Now it is becoming clear that what should be very accurate measurements—the rim, depth, and breadth of the Grand Canyon—has everything to do with where and how the canyon is measured. For a long time we have intuitively known the canyon is big—in fact, before it was named the Grand Canyon in the 1860s it was called Big Canyon, a tantalizing clue that early explorers recognized that the canyon was becoming larger the more they looked at it. Yet in all this time we failed to realize that it is even bigger yet.

Benoit B. Mandelbrot’s groundbreaking 1967 paper, “How Long is the Coast of Britain?”20 introduced many scientist to the theory and applications of fractals. Mandelbrot demonstrated that the island’s coast, when not measured with “ordinary curves,” may be instead measured with any number of straight-line segments. As segment vectors and the number of them are changed, astonishingly different results are obtained at ever-finer scales of resolution.

Mandelbrot’s study was tidy, two-dimensional in perspective. Had he sauntered the edge of the Grand Canyon instead of an odyssey around Britain, he may have found himself postulating from a perspective that was three-dimensional, and far deeper. Had he done that, who knows where the science and mathematics of fractals would be today!

Extrapolating the U.S. Geological Survey’s inferentially reliable data on the mileages of the Grand Canyon rims, the formula for total Grand Canyon views is N = 2,757x, where x is the number of vantage points per mile. Fractal science, however, dictates that we may derive up to an infinity of segments between points, thus also an infinity of vantage points. A convincing application is found in Karl-Heinz Becker and Michael Dörfer’s Dynamical Systems and Fractals, where they feature the Grand Canyon throughout the chapter, “Journey to the Land of Infinite Structures.”21 And a sample of actual field images of elusive fractals in their natural canyon habitat are in Gayla Chandler’s online exhibit, “Natural Fractals in Grand Canyon National Park.”22

Science On the Edge: Wonders Beyond Sight

In fractal illustrations, the pointy parts in the diagrams occupy far less space than do edges or planes. The Grand Canyon expresses its fractal nature in having more edge than points. There can be an infinity of viewpoints along the Grand Canyon’s rims, so it should make no difference where one views the canyon. Yet as we observe empirically, people crowd the viewpoints; longer, less interesting edges are infrequently visited. This must be because the viewpoints offer proper view and sun angles that occasionally reveal breathtaking panoramas.

Given that there is much more beyond the view, as fractals intimate, do people honestly see what they go to see?
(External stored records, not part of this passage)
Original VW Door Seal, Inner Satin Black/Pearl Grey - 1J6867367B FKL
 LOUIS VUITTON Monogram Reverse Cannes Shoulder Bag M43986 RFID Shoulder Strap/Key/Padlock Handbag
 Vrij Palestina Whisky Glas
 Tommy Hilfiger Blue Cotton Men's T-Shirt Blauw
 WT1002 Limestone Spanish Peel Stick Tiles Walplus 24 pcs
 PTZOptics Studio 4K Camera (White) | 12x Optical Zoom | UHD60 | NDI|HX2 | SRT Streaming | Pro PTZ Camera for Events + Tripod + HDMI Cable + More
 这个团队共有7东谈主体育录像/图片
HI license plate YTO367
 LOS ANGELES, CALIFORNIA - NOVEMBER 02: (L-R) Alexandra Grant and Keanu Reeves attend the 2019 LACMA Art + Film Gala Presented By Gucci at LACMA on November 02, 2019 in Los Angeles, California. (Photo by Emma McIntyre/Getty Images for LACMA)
Chester Crowell’s report, cited earlier, retells the account of a man bragging about the places he had seen. “Have you ever had delerium tremens?” asked a second man. “No,” was the reply. “Then you ain’t never seen nothing.”

There are documented sightings of nothing in the Grand Canyon, as previously discussed. One writer further clarified that in the canyon “there ain’t no possible way of paintin’ a sign you could make out with the Lick telescope [and] a full-grown World’s Fair goin’ full blast with the blower on you wouldn’t even see across that Canyon.”23 Hundreds more writers further testify that the canyon is not only indescribable, but unfathomable. The one and truly Grand Canyon must be larger—and may hold more—than we have ever imagined.

Enduring Mysteries—Solved!

Detail of fractal in the Grand Canyon. (Image credit: Flickr user Marcin Wichary)

If the edges of the Grand Canyon can, upon close examination, approach infinite lengths due to ever-increasing crenulation, it stands to reason that the volumetric potential of the canyon must increase likewise, with profound effects. The hypothesis is presented here that the whole of Grand Canyon’s three-dimensional fabric, bound within its two event horizons, must, like the rims, become more crenulated the more precisely it is measured.

If a fractally defined Grand Canyon is a large photonic sink, as is demonstrated by the attenuation of solar radiation in its depths, it must also be a sedimentary sink. For a century and more geologists have searched the Colorado River region downstream from the Grand Canyon for the largely unaccounted-for sediment eroded from the canyon.24 They have followed standard, Newtonian processes of erosion, presuming also that the actions of the river flowing within the canyon carried away the eroded material. They have been searching too far afield.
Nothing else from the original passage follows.